__YOUR ASSIGNMENT__
Each line from the opening of the material through the line holding "Haus mit 3 Schlafzimmern" needs to be returned exactly, with the pictures left out.

__RECORDS__
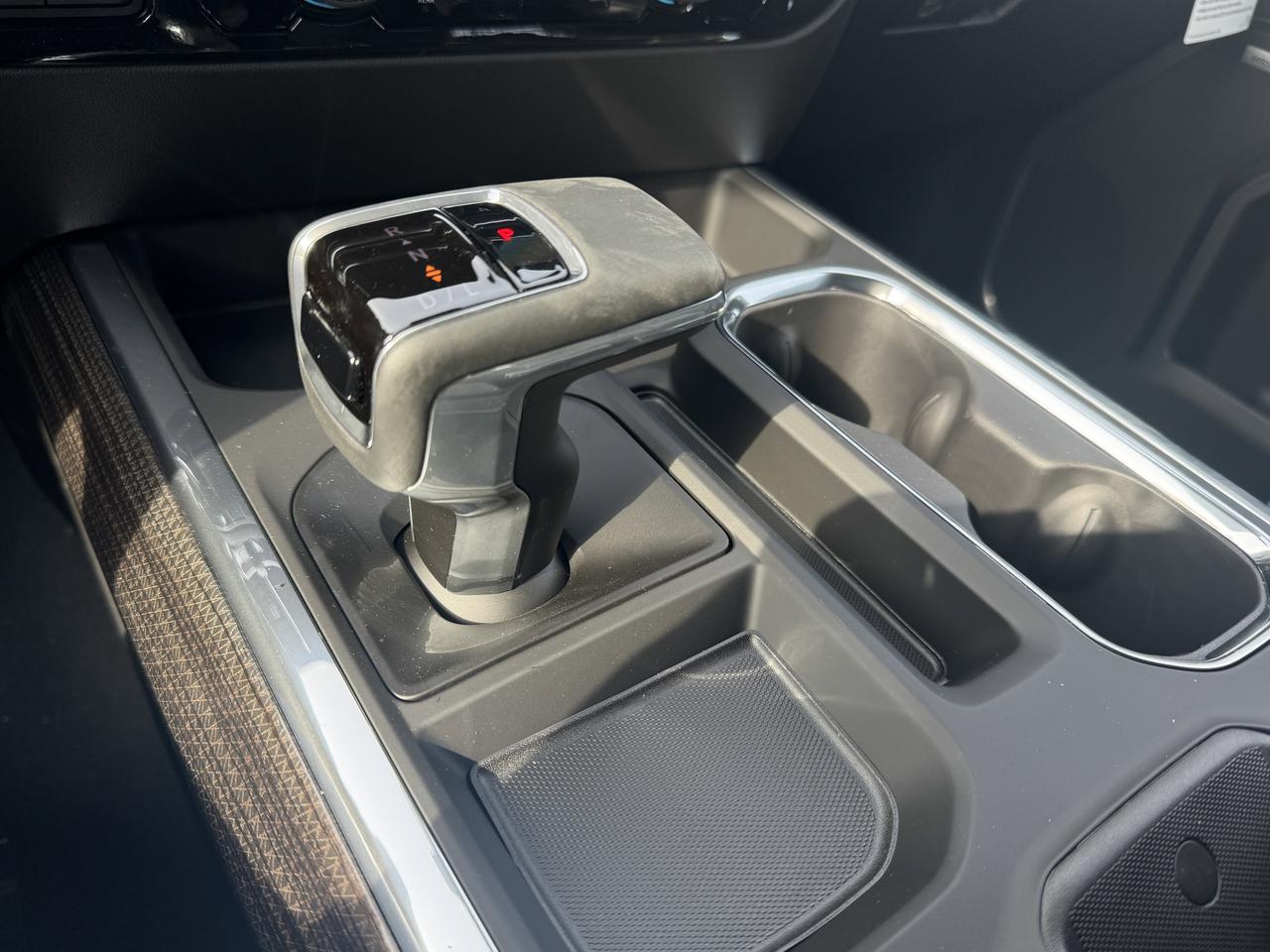 2026 Chevrolet Silverado 1500 RST Photo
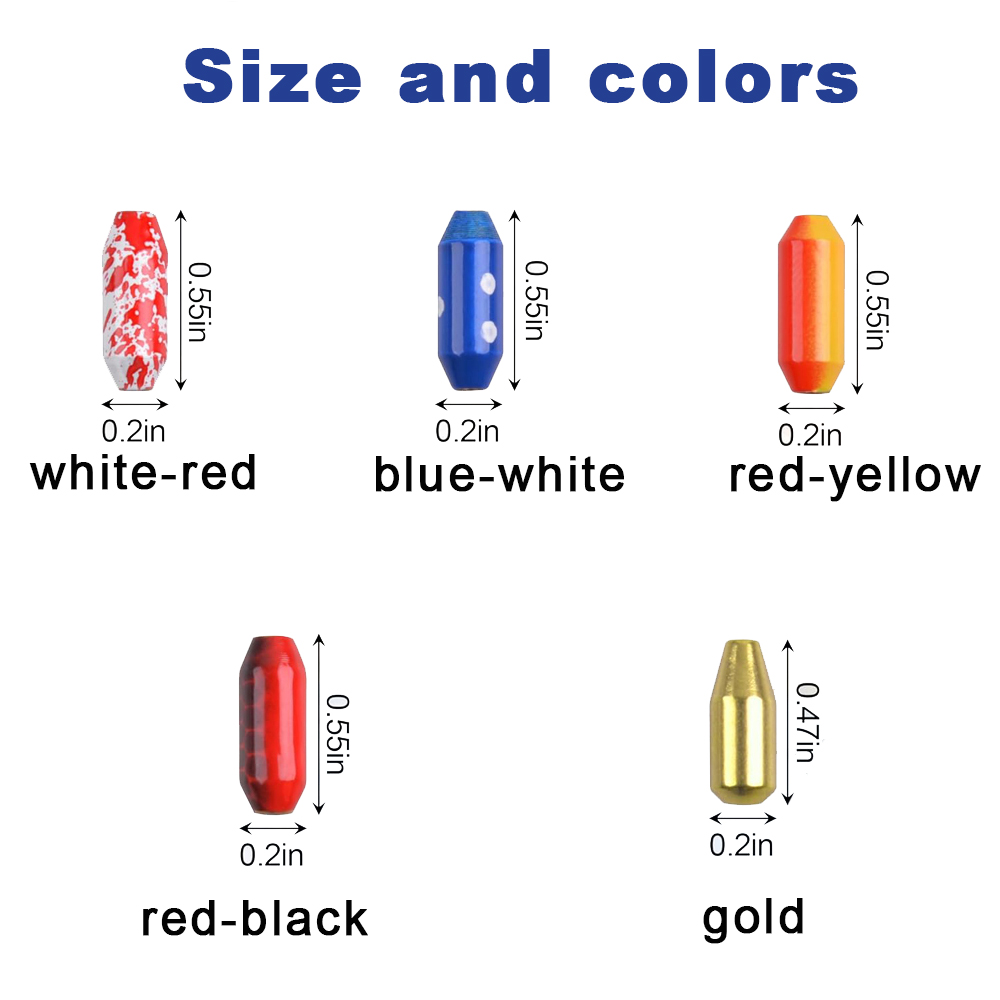 10pcs Fishing Brass Spinner Lu - Fishing Lure Spinner avis et prix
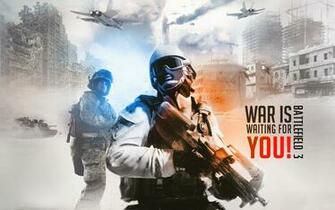 Battlefield Wallpaper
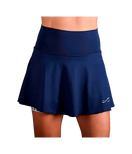 Falda Endless Chill Azul Marino 2025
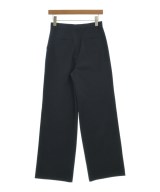 A.P.C.（アーペーセー）スラックス 紺 サイズ:36(S位) レディース/2200686283133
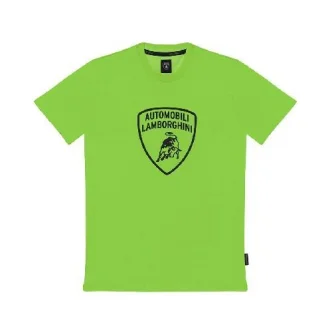 LAMBORGHINI T-SHIRTS MOD. LCSWB7T2-400-XL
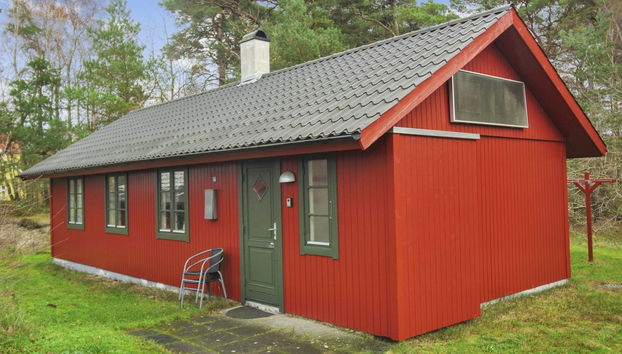 Haus mit 3 Schlafzimmern in Nexø mit schwimmbad und terrasse - Foto 2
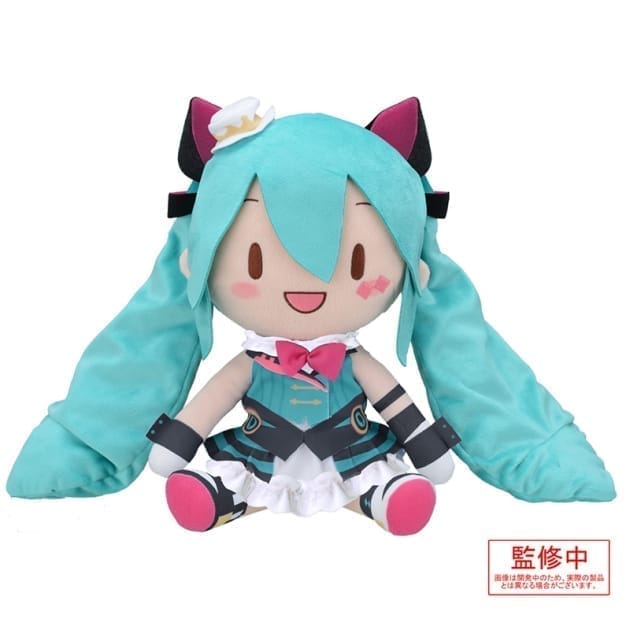 初音ミク シンフォニー ぬいぐるみ リン レン | www.downtownissaquah.com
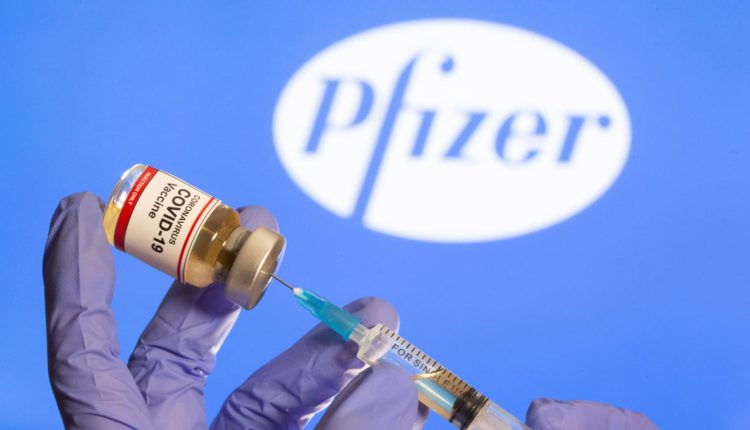 pfizer withdraws application in india
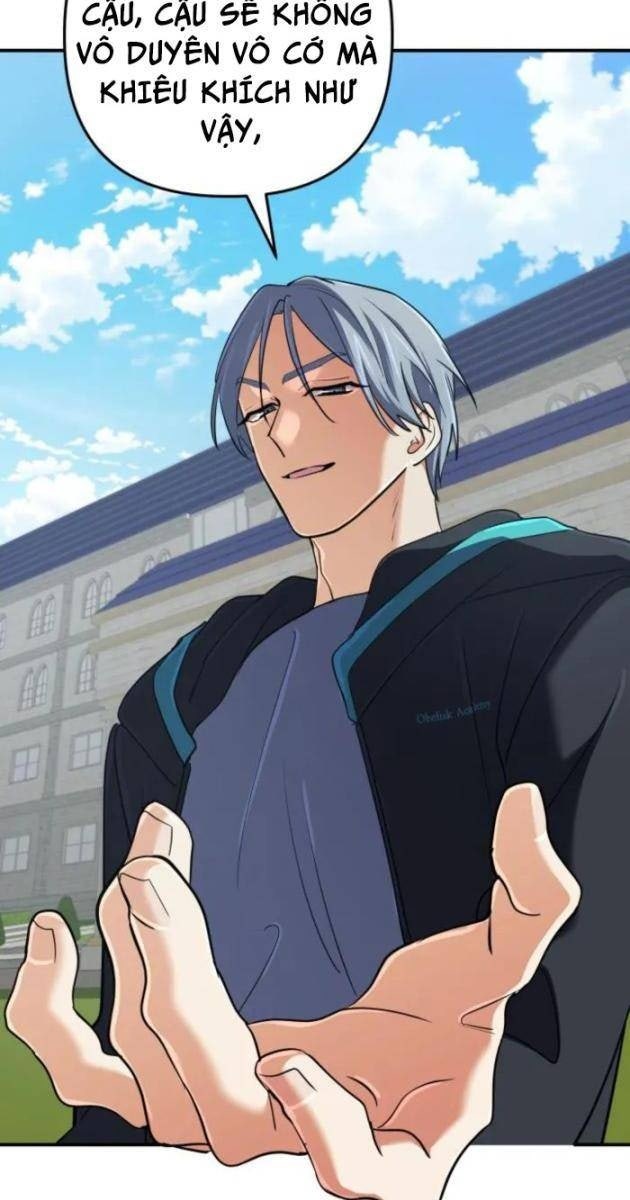 Đại Pháp Sư Huyền Thoại Hồi Quy - Page 84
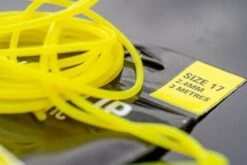 Dura Slip Hybrid Elastic 3m 15 Dura Slip Hybrid Elastic 3m -Hengelsport Winkel preston innovations dura slip hybrid elastic 3m 7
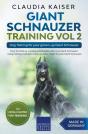 Giant Schnauzer Training Vol 2 - Dog Tra - Preview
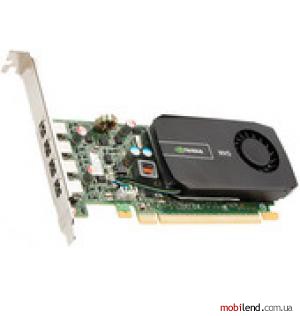 PNY NVS 510 2GB DDR3 (VCNVS510ATX-T)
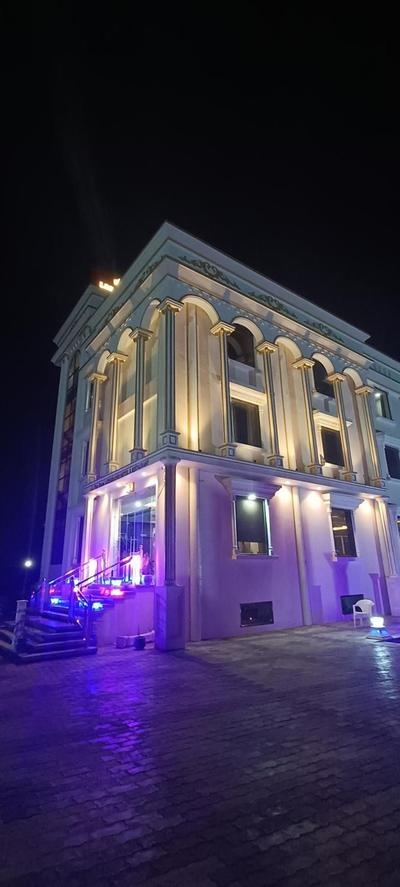 RAM LEE GRAND Hotel & Restaurant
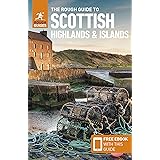 The Rough Guide to the Scottish Highlands & Islands (Travel Guide with Free eBook) (Rough Guides)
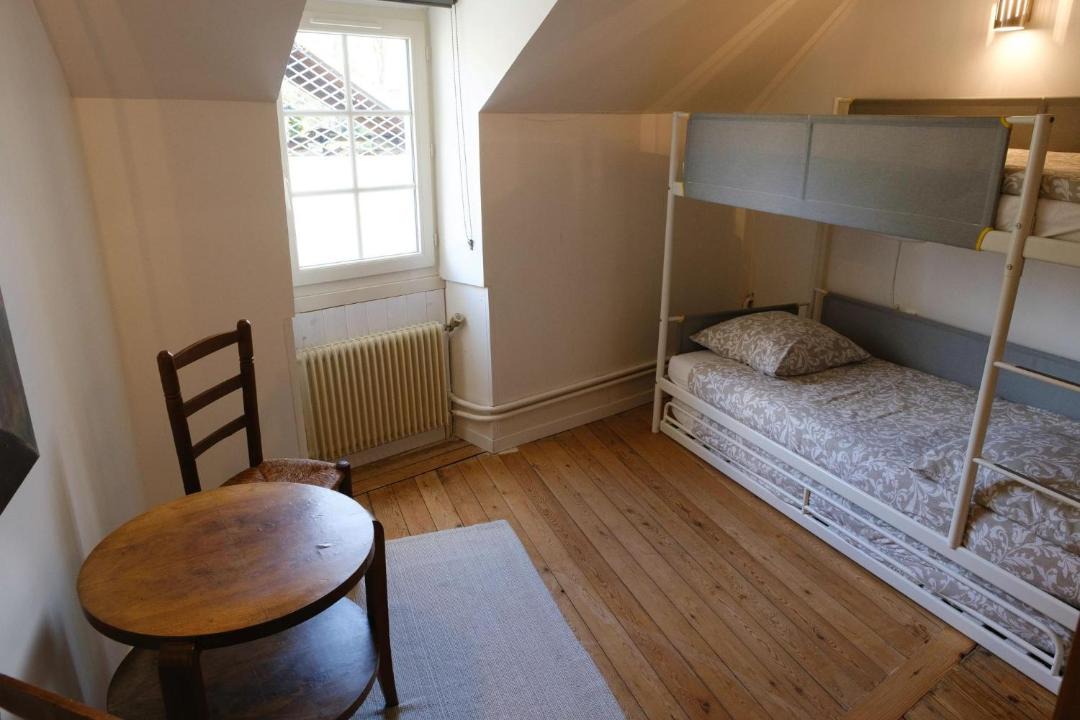 Photo of Bedroom in Montlognon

__TASK RESPONSE__
 2026 Chevrolet Silverado 1500 RST Photo
 10pcs Fishing Brass Spinner Lu - Fishing Lure Spinner avis et prix
 Battlefield Wallpaper
 Falda Endless Chill Azul Marino 2025
 A.P.C.（アーペーセー）スラックス 紺 サイズ:36(S位) レディース/2200686283133
 LAMBORGHINI T-SHIRTS MOD. LCSWB7T2-400-XL
 Haus mit 3 Schlafzimmern in Nexø mit schwimmbad und terrasse - Foto 2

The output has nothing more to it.